→ **WHAT TO DO**: All records that follow are to be output exactly.

(Source data)
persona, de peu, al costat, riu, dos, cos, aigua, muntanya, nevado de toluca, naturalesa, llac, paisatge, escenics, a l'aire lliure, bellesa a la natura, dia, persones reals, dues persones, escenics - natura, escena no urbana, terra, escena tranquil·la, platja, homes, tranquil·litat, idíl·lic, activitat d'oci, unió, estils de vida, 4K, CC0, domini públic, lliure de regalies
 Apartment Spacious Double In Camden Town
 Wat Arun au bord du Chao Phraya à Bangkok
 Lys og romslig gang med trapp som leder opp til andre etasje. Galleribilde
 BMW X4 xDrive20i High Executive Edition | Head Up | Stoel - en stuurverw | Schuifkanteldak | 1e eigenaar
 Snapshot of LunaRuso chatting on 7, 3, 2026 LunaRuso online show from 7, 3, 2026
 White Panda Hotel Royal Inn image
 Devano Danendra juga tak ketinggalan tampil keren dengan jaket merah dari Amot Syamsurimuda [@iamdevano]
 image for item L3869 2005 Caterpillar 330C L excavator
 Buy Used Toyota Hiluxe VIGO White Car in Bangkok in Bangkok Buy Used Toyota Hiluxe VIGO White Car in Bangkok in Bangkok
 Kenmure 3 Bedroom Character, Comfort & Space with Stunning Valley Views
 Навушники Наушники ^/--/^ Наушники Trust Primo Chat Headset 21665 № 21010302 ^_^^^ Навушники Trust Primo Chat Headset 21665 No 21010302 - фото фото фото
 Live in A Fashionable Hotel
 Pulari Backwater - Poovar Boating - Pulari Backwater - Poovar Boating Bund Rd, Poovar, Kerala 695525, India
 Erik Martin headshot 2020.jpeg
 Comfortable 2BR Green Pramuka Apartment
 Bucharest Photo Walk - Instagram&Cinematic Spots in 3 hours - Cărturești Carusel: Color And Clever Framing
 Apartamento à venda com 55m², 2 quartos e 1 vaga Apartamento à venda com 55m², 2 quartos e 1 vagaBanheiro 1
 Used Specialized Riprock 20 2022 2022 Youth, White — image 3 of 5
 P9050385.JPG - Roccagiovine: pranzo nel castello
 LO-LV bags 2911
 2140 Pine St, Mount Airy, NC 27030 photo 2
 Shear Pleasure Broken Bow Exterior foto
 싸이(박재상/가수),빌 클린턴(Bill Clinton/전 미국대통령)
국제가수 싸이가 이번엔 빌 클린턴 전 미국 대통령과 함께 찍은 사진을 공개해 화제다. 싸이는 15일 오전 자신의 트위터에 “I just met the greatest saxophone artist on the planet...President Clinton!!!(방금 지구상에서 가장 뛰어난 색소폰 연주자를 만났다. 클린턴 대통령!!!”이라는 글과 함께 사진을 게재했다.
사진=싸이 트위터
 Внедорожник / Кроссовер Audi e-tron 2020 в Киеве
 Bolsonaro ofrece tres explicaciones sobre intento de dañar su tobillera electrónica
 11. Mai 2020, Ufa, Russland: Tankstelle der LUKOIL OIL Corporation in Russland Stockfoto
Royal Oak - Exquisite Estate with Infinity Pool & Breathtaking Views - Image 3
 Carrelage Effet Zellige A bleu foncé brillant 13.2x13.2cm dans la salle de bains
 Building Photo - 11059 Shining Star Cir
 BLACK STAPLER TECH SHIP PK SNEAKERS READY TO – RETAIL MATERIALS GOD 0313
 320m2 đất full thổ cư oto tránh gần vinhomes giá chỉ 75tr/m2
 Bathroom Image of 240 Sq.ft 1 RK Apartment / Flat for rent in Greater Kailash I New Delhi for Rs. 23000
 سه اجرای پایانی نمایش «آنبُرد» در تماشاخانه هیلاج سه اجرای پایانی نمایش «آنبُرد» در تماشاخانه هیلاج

→ **COMPLETED TASK**:
persona, de peu, al costat, riu, dos, cos, aigua, muntanya, nevado de toluca, naturalesa, llac, paisatge, escenics, a l'aire lliure, bellesa a la natura, dia, persones reals, dues persones, escenics - natura, escena no urbana, terra, escena tranquil·la, platja, homes, tranquil·litat, idíl·lic, activitat d'oci, unió, estils de vida, 4K, CC0, domini públic, lliure de regalies
 Apartment Spacious Double In Camden Town
 Wat Arun au bord du Chao Phraya à Bangkok
 Lys og romslig gang med trapp som leder opp til andre etasje. Galleribilde
 BMW X4 xDrive20i High Executive Edition | Head Up | Stoel - en stuurverw | Schuifkanteldak | 1e eigenaar
 Snapshot of LunaRuso chatting on 7, 3, 2026 LunaRuso online show from 7, 3, 2026
 White Panda Hotel Royal Inn image
 Devano Danendra juga tak ketinggalan tampil keren dengan jaket merah dari Amot Syamsurimuda [@iamdevano]
 image for item L3869 2005 Caterpillar 330C L excavator
 Buy Used Toyota Hiluxe VIGO White Car in Bangkok in Bangkok Buy Used Toyota Hiluxe VIGO White Car in Bangkok in Bangkok
 Kenmure 3 Bedroom Character, Comfort & Space with Stunning Valley Views
 Навушники Наушники ^/--/^ Наушники Trust Primo Chat Headset 21665 № 21010302 ^_^^^ Навушники Trust Primo Chat Headset 21665 No 21010302 - фото фото фото
 Live in A Fashionable Hotel
 Pulari Backwater - Poovar Boating - Pulari Backwater - Poovar Boating Bund Rd, Poovar, Kerala 695525, India
 Erik Martin headshot 2020.jpeg
 Comfortable 2BR Green Pramuka Apartment
 Bucharest Photo Walk - Instagram&Cinematic Spots in 3 hours - Cărturești Carusel: Color And Clever Framing
 Apartamento à venda com 55m², 2 quartos e 1 vaga Apartamento à venda com 55m², 2 quartos e 1 vagaBanheiro 1
 Used Specialized Riprock 20 2022 2022 Youth, White — image 3 of 5
 P9050385.JPG - Roccagiovine: pranzo nel castello
 LO-LV bags 2911
 2140 Pine St, Mount Airy, NC 27030 photo 2
 Shear Pleasure Broken Bow Exterior foto
 싸이(박재상/가수),빌 클린턴(Bill Clinton/전 미국대통령)
국제가수 싸이가 이번엔 빌 클린턴 전 미국 대통령과 함께 찍은 사진을 공개해 화제다. 싸이는 15일 오전 자신의 트위터에 “I just met the greatest saxophone artist on the planet...President Clinton!!!(방금 지구상에서 가장 뛰어난 색소폰 연주자를 만났다. 클린턴 대통령!!!”이라는 글과 함께 사진을 게재했다.
사진=싸이 트위터
 Внедорожник / Кроссовер Audi e-tron 2020 в Киеве
 Bolsonaro ofrece tres explicaciones sobre intento de dañar su tobillera electrónica
 11. Mai 2020, Ufa, Russland: Tankstelle der LUKOIL OIL Corporation in Russland Stockfoto
Royal Oak - Exquisite Estate with Infinity Pool & Breathtaking Views - Image 3
 Carrelage Effet Zellige A bleu foncé brillant 13.2x13.2cm dans la salle de bains
 Building Photo - 11059 Shining Star Cir
 BLACK STAPLER TECH SHIP PK SNEAKERS READY TO – RETAIL MATERIALS GOD 0313
 320m2 đất full thổ cư oto tránh gần vinhomes giá chỉ 75tr/m2
 Bathroom Image of 240 Sq.ft 1 RK Apartment / Flat for rent in Greater Kailash I New Delhi for Rs. 23000
 سه اجرای پایانی نمایش «آنبُرد» در تماشاخانه هیلاج سه اجرای پایانی نمایش «آنبُرد» در تماشاخانه هیلاج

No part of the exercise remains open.